太田牛一の『信長公記』によれば、本丸御殿には天皇を招き入れる「御幸の間」があったと記載されています。
その後の調査で慶長年間に改修された京都御所内にある天皇の住居である清涼殿と酷似した構造になっていたことが判明しました。
また礎石上の柱痕からこの建物が高床式であったこと、周囲の伝三の丸跡や天主取付台と渡り廊下でつながっていたことなどが明らかになりました。
本丸跡(ほんまるあと)
天主台(てんしゅだい)を眼前に仰ぐこの場所は千畳敷(せんじょうじき)と呼ばれ、安土城本丸御殿の跡と伝えられてきました。東西約50m、南北約34mの東西に細長い敷地は、三方を天主台・本丸帯郭(おびぐるわ)・三の丸の各石垣で囲まれ、南北に向かってのみ展望が開けています。昭和16年と平成11年の二度にわたる発掘調査の結果、東西約34mx南北約24mの範囲で碁盤目状に配置された119個の建物礎石(そせき)が発見されました。7尺2寸(約2.18m)の間隔で整然と配置された自然石の大きな礎石には焼損の跡が認められ、一辺約1尺2寸(約36cm)の柱跡が残るものもありました。4~6寸(12~18cm)の柱を6尺5寸(約1.97m)間隔で立てる当時の武家住宅に比べて、本丸建物の規模と構造の特異性がうかがえます。
礎石の配列状況から、中庭をはさんで3棟に分かれると考えられるこの建物は、天皇の住まいである内裏清涼殿(だいりせいりょうでん)と非常によく似ていることが分かりました。豊臣秀吉が天正19年(1591)に造営した内裏の清涼殿等を参考にして復原したのが右の図です。西方の清涼殿風の建物は、密に建ち並んだ太くて高い床束(ゆかづか)が一階の床を支える高床(たかゆか)構造の建物であったと考えられます。大手道を行く人々は、天主脇にそそり立つその姿を正面に仰ぎ見ながら登ったことでしょう。
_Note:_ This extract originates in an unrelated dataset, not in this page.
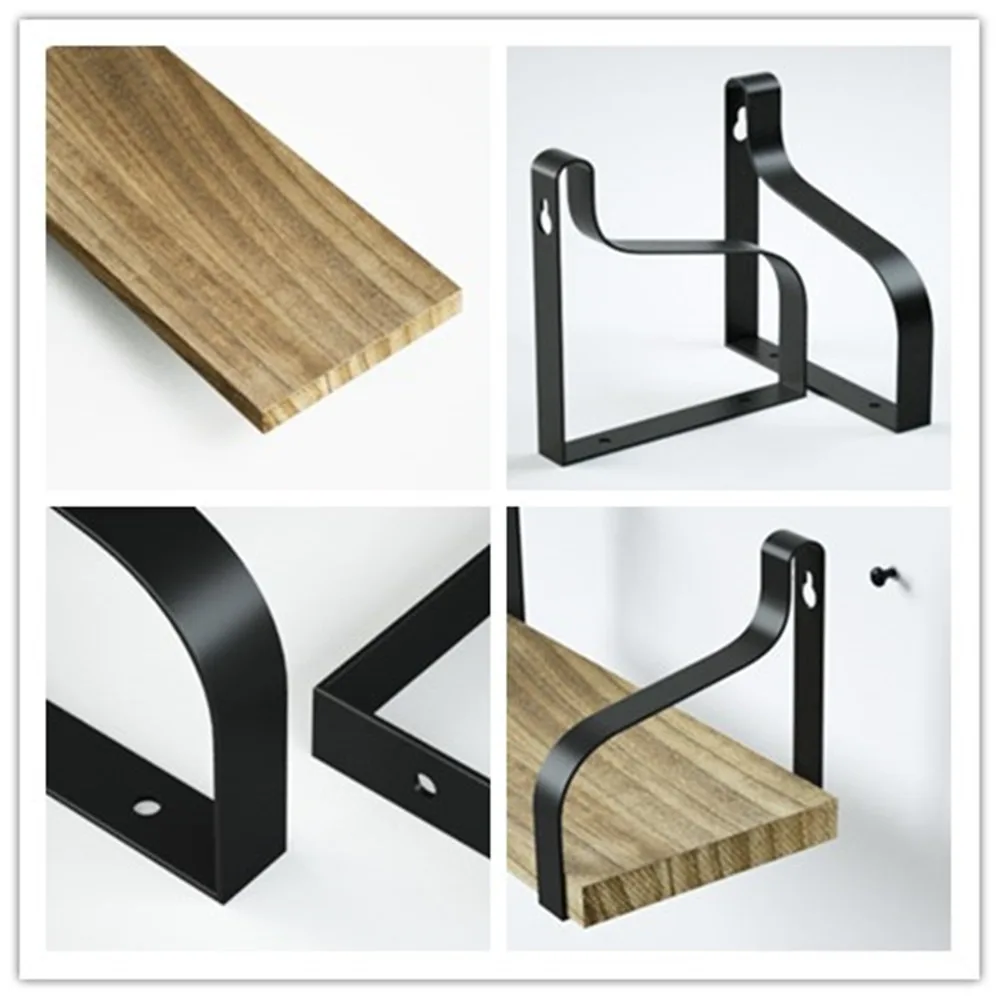 Wooden Floating Wall Mounted Shelves for Bathroom Kitchen Living Room-Storage Partition for Wall & Display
なぜ、安土城天主の直下に清涼殿に酷似した建物が建てられていたのでしょうか。『信長公記(しんちょうこうき)』には天主近くに「一天(いってん)の君(きみ)・万乗(ばんじょう)の主(ぬし)の御座御殿(ござごてん)」である「御幸(みゆき)の御間(おんま)」と呼ばれる建物があり、内に「皇居(こうきょ)の間(ま)」が設けられていたことを記しています。信長の二度にわたる安土城への天皇行幸計画は実現しませんでしたが、この本丸建物こそ、天皇行幸のために信長が用意した行幸御殿(ぎょうこうごてん)だったのではないでしょうか。
左に見えるのが天主台の石垣です。
奥には天主台へのぼるための石段があります。